---- EXTRACTED INFORMATION
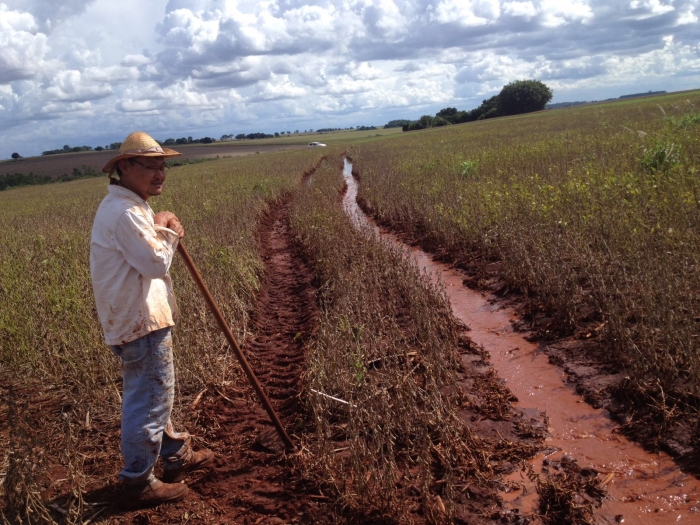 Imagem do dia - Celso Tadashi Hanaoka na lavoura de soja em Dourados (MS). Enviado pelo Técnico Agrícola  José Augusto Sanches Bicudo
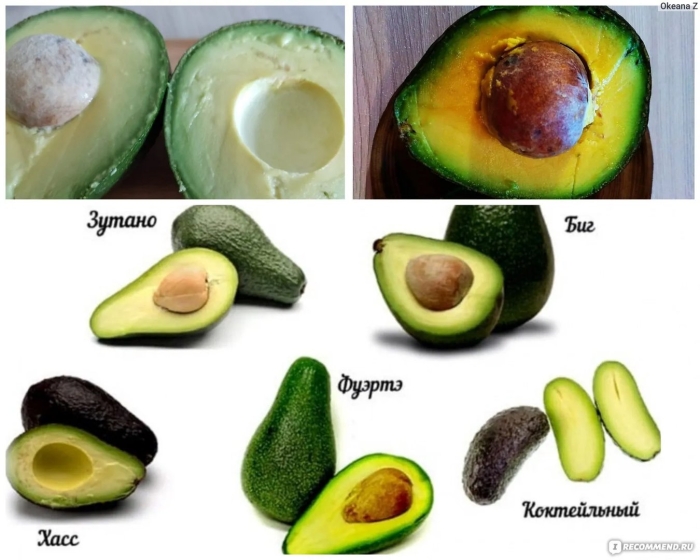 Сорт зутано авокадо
--------
---- EXTRACTED INFORMATION
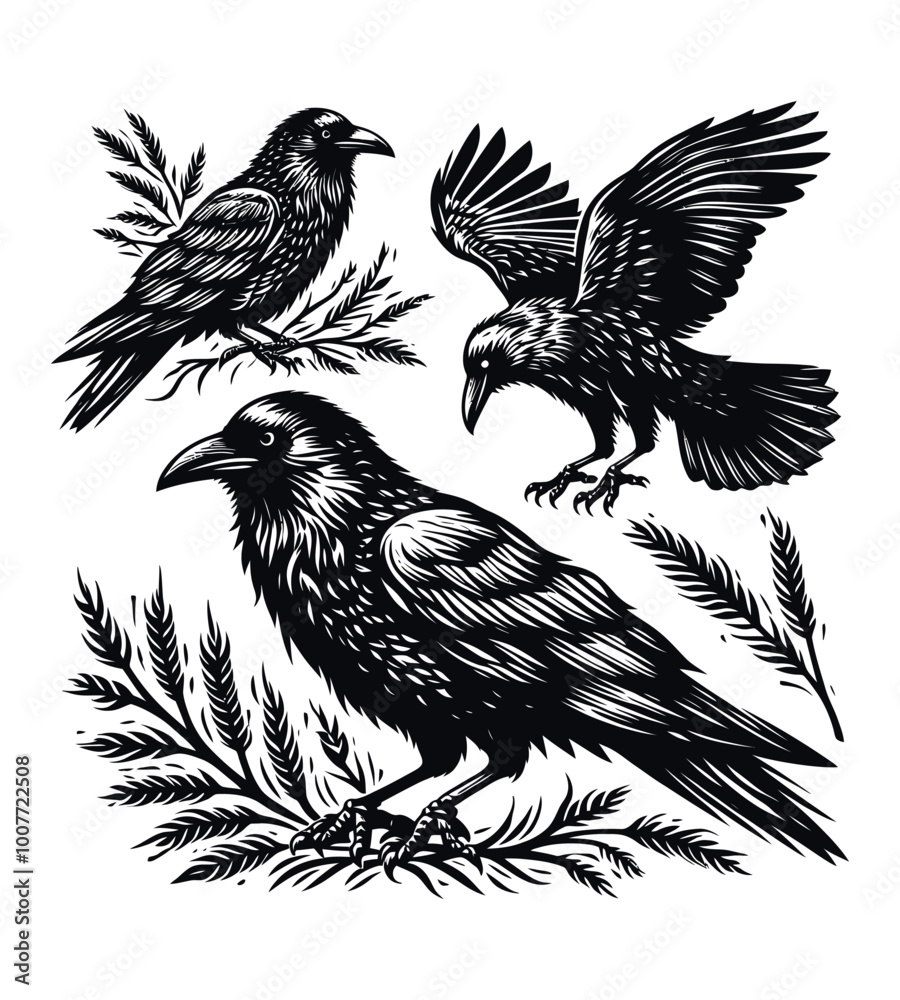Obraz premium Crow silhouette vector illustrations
--------
◆ **WHAT THE TASK ASKS**:
From the records above, transcribe only the stretch from the line with "Imagem do dia" through the line with "Сорт зутано авокадо", keeping both ends. Omit pictures.

◆ **EXERCISE OUTPUT**:
 Imagem do dia - Celso Tadashi Hanaoka na lavoura de soja em Dourados (MS). Enviado pelo Técnico Agrícola  José Augusto Sanches Bicudo
 Сорт зутано авокадо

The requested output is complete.